Exit l’orientation choisie, comme pour les travailleurs privés d’emploi, il s’agit de contraindre les futurs travailleurs à accepter n’importe quoi qui soit baptisé emploi.
Par ailleurs des représentants du patronat entrent dans les lycées par le biais d’un bureau des entreprises censé effectuer le travail déjà fait par les DDFPT (Directeurs Délégués à la Formation Professionnelle et Technique), anciens chefs de travaux, comme faciliter la recherche de stage pour les élèves.

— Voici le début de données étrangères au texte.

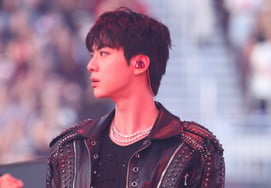 'God of Beauty' BTS Jin Shines in 'Siren' Amid Enthusiastic Stand Performance... T-Shirt Sells Out Immediately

Enfin ce temps de stage, les PFMP (Périodes de Formation en Milieu Professionnel) va être étendu, dans un système de vases communicants avec l’enseignement général diminué et les élèves seront rémunérés pendant les stages, non pas par les patrons, bien sûr, mais par l’État. L’idée d’offrir une allocation aux élèves est intéressantes, elle figurait dans le plan Langevin-Wallon pour les collégiens et lycéens, afin de pallier les inégalités de revenus des parents. Mais ce n’est pas cela dont il s’agit. On ne rémunère que le parcours professionnel, ce n’est pas une allocation d’étude mais une aumône pour un travail encore plus gratuit pour le patronat.
 
Le Pacte
L’essentiel du financement de la réforme repose sur le fameux Pacte, c’est-à-dire un engagement, contre un financement indemnitaire (pas du salaire, donc) des enseignants volontaires à travailler plus dans des conditions qui peuvent être nuisible à la qualité de l’enseignement. Le gouvernement ne donnant pas de chiffres (ou des chiffres globaux fantasmés et invérifiables), il est difficile de savoir quelle proportion d’enseignants a accepté de passer sous les fourches caudines du Pacte. Néanmoins, le précédent ministre, Pape N’Diaye avait annoncé un objectif de 30 % d’enseignants acceptant le Pacte. Il est vraisemblable qu’il n’est pas atteint.
 
Enfin une riposte syndicale
Si l’ensemble des syndicats s’est prononcé contre cette deuxième réforme (ils ont quitté les négociations avec la ministre déléguée Carole Grandjean, en charge de la mise en place des consignes de Macron, tous ensemble), l’organisation de la lutte a du mal à se mettre en place, et on en reste à du cosmétique. Cinq syndicats de l’Enseignement professionnel (SNETAA-FO, CGT-Educ’Action, SNUEP-FSU, SNALC, SUD-Education) et le syndicat ultra-majoritaire des professeurs d’EPS, le SNEP-FSU appellent à une journée de grève le 12 décembre, veille du début de l’examen parlementaire de la réforme.